Ulrike Timm: Wenn Sie mit MINURSO, der UN-Mission in der Westsahara, auf Anhieb nichts verbinden, dann könnte das daran liegen, dass diese UN-Mission heute auf den Tag genau schon 20 Jahre dauert, und dass sich in der Westsahara – MINURSO hin, MINURSO her – seit 20 Jahren fast nichts tut. Und genau darum soll es jetzt gehen: eine UN-Mission, die sich weitgehend verläppert hat.

1991 ging die UNO mit ihren Blauhelmen in die Westsahara, der offene Kampf zwischen Marokko, das einen Großteil des Landes besetzt hat, und der Polisario, die für die Unabhängigkeit der einheimischen Saharauis kämpft, war durch einen Waffenstillstand beendet worden. Und Ziel der Mission: das Land zu begleiten, bis ein Referendum geklärt hat, wohin sich die Bevölkerung bekennt, wer zu wem gehören will.

Das sollte spätestens 1992 stattfinden, ist aber nie passiert. Und bis heute hat Marokko den größten rohstoffreichen Teil des afrikanischen Küstenstaates unter Kontrolle und die Polisario agiert im Hinterland. Der größte Teil der Angehörigen der Saharauis aber fristet sein Leben in algerischen Flüchtlingslagern, es gibt also mittlerweile eine richtige Generation Flüchtlingslager, und die UNO hat gerade die Mission MINURSO wieder für ein Jahr verlängert.

Vom Agieren im Leerlauf kann uns Stefan May erzählen, er war ein Jahr lang bis zum Januar dieses Jahres Militärbeobachter der UN in der Westsahara, also ein Teil dieser Mission MINURSO. Schönen guten Tag, Herr May!

Stefan May: Guten Tag!

Timm: Als Sie dahin kamen, da war diese Mission ja schon 19 Jahre am Laufen, und natürlich haben Sie gewusst, wohin Sie fahren und den großen Konflikt, aber haben Sie wirklich im Detail noch verstanden, wer mit wem gegen wen, was diese Mission genau bezweckt?

May: Wenn man Westsahara hört, dann wird man vielleicht nicht so viel verbinden, aber bei Polisario, da klickt's dann ein bisschen im Hinterkopf. Und wenn man ein bisschen älter ist, dann weiß man noch aus der Jugendzeit, da gab es so eine Art romantische Befreiungsbewegung und Solidaritätskomitees in unseren Breiten, mit der Polisario, mit dieser Befreiungsbewegung.

Aber dann hat sich natürlich die Welt abgewandt von diesem Schauplatz, und das Ganze ist in Vergessenheit geraten. Und so musste auch ich wieder mir das mühsam in Erinnerung rufen, und dann wird man natürlich daheim gebrieft auf den Einsatz und was einen da erwartet.
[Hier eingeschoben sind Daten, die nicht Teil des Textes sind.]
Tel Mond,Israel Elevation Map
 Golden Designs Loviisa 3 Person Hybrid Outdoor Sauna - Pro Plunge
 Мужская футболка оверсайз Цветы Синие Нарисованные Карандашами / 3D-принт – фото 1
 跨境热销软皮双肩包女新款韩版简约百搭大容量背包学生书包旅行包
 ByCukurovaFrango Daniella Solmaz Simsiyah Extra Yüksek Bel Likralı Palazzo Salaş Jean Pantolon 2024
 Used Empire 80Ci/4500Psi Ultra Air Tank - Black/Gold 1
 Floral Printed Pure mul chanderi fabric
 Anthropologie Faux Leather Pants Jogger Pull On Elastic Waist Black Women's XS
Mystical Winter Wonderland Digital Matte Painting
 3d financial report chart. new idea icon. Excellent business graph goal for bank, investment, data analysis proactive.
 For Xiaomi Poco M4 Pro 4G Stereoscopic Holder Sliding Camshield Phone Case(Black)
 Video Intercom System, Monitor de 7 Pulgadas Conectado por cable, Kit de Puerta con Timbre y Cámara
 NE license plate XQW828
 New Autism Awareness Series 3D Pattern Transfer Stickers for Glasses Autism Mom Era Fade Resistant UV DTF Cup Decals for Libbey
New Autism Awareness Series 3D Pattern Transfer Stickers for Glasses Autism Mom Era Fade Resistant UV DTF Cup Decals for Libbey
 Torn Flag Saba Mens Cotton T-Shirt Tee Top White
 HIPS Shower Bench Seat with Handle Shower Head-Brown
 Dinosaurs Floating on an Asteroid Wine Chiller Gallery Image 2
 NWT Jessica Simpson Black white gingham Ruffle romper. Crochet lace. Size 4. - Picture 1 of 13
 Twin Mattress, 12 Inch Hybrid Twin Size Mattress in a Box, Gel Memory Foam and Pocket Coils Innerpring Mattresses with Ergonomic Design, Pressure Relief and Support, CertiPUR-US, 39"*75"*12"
Und dann an Ort und Stelle sieht natürlich alles ganz anders aus, als man es sich vorgestellt hat.

Timm: Was haben Sie denn dort genau gemacht?

May: Man ist dort Militärbeobachter – da muss man vorausschicken, das ist keine friedenserhaltende oder friedenserzwingende Mission, man ist dort unbewaffnet unterwegs. Das sind alles Offiziere, und zwar Offiziere aus aller Welt, aus insgesamt 30 Nationen, ungefähr 250 Leute sind dort unterwegs. Man ist in neun Stützpunkten aufgeteilt, die sind teilweise auf der marokkanisch besetzten Seite, teilweise auf der Polisario-Seite.

Und man macht eigentlich hauptsächlich Patrouillen, das heißt, man fährt viel Auto. Man fährt in diesen Geländewagen, eine Patrouille sind zwei Geländewagen, jeder Wagen hat zwei Leute, also zu viert ist man da unterwegs, und man hat da so 20, 30 Routen, die man da im Monat abfahren muss. Da gibt es einen sehr konkreten Patrouillenplan, welche Patrouille an welchem Tag wohin fährt, und da ist man einige Stunden unterwegs, fährt durch die Wüste, fährt durch teilweise steiniges, teilweise sandiges Gelände, aber relativ abwechslungslos, kommt zurück und schreibt einen Patrouillenreport. Und das ist sozusagen die Arbeit, die man dort macht.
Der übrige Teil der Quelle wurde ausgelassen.